On Sunday we continuing the weekend of gaming, with L.B., D.B., T.A., E.A., and M.A. attending again.

Toon

First, by request I ran a session of Toon. I set it in the “Old West in Space” and the toons had to rescue the kidnapped daughter of the richest toon in town from the bandit chieftan Big Ape, the “Fastest Banana in Space”, and his bandit gang of monkeys, who were hiding out in an abandoned asteroid mine still inhabited by mining robots.

Savage Worlds

Second, I ran “The Eternal Nazi”, a Savage Worlds pulp one-sheet for them. Like many of the one-sheets, it didn't come with a map, so I made one a couple of nights before using printable PDF tiles. The kids had fun, but I can see why Kator the Ape Boy wasn't in the most recent pregenerated pulp characters download intended for use with “The Eternal Nazi”: as the sole melee-only character he was at serious a disadvantage.

I think this was actually the first time I've used modern weapons in Savage Worlds. It went ok, although I did forget each shot on auto-fire counts as three bullets expended. I think I'll add some grenades to the PCs gear the next time I run it, suggest the PCs other than Buck pick up some of the germain submachine guns, and up the number of extras with the big bad.

Reflections

I was trying out some new technology (for me): using printable PDF tiles from Skeleton Key Games (SKG) for the battle mats. I especially like the SKG tiles for a couple of reasons. First, the tile graphics in the PDF files can be easily extracted (just right-click and choose copy) and munged to produce custom tiles. Secondly, the tile sets include thumbnail catalogs of the tiles, which can easily be extracted and added to the tilesets of programs like DungeonForge. This makes it a lot easier to design the map layouts to begin with (virtual tile flipping replaces physical tile flipping) and makes it easy to produce small scale maps for reference for laying out the tiles on the table by exporting the maps from DungeonForge as .PNG files and adding labels with the tile numbers with the GIMP. (This is especially useful when using wilderness tiles!) On the printed tiles I wrote the tile number on the back, again to make things easier when laying them out on the table.

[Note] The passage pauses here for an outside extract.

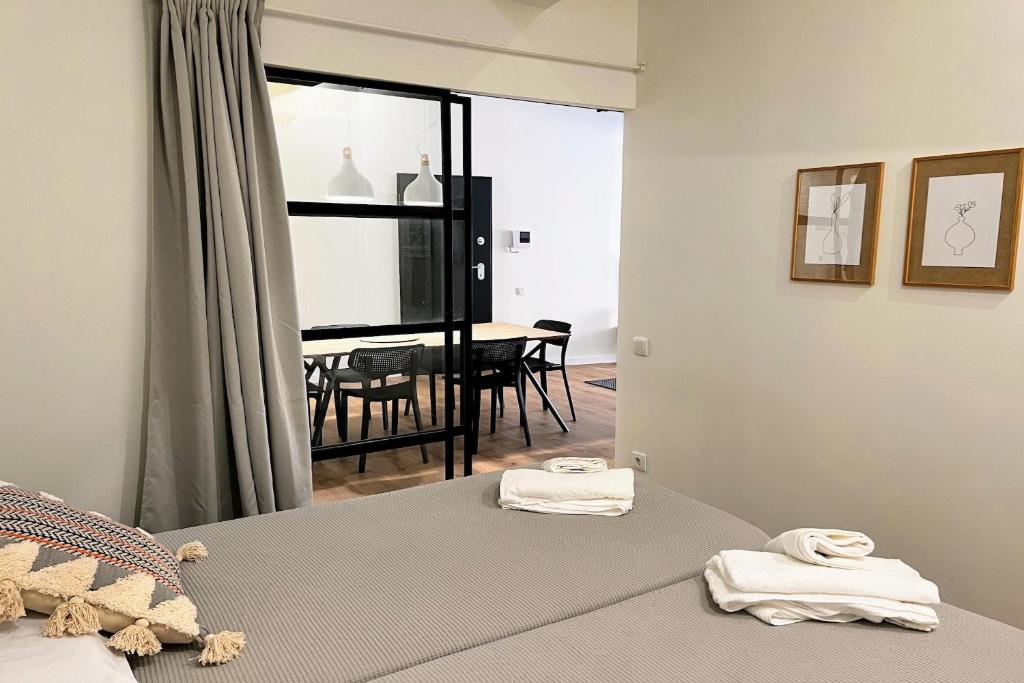 Postel nebo postele na pokoji v ubytování Hauzify I Apartaments Sant Pau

Overall the tiles worked pretty well. The worst problem was that the tiles tended to curve up at the edges, a common problem with cardstock printed on inkjet printers: as the large surface area of ink dries the edges curl up. This didn't prevent their use, and curling them in the opposite direction before laying them out helped, but I think I'll try laminating them and see if that helps. My first map designs using the tiles were not as interesting as I wanted, but the tiles themselves looked good and worked pretty well. The kids occasionally dislodged the tiles a little, but that was easily fixed, and once while dealing initiative cards I accidently slide one under the tiles, which got a laugh.

After we played I redesigned the maps to give a more dynamic environment, since I'm planning on running “The Eternal Nazi” for another other gaming group. I got a couple more of the SKG sets, and used GIMP to make three custom tiles. This let me make a much more interesting environment. Part of the problem I had with designing the map in the first place was inexperience with the tiles, but part was because the tile sets I had were heavily slanted towards fantasy, and I was constructing something more out of the “lost race” pulp adventure stories, set in the 1940s.

One thing that I'd like to see is a bunch of tiles with items that could be dropped on top of other tiles, like piles of metal barrels and so forth.

DungeonForge has a couple of annoying bugs, but it's free and works well enough, as long as I remember to save often and not put tiles against the edges of the map.

Note

Todo: I'll try to edit more actual play details into this post when I've got a moment and my notes are handy.


Tue, 08 Jul 2008

Computer Tools: Unison

I use the Unison File Synchronizer extensively to synchronize my working environment between 4 or so computers running a couple of different flavors of Unix and Windows XP and I would have a hard time getting along without it.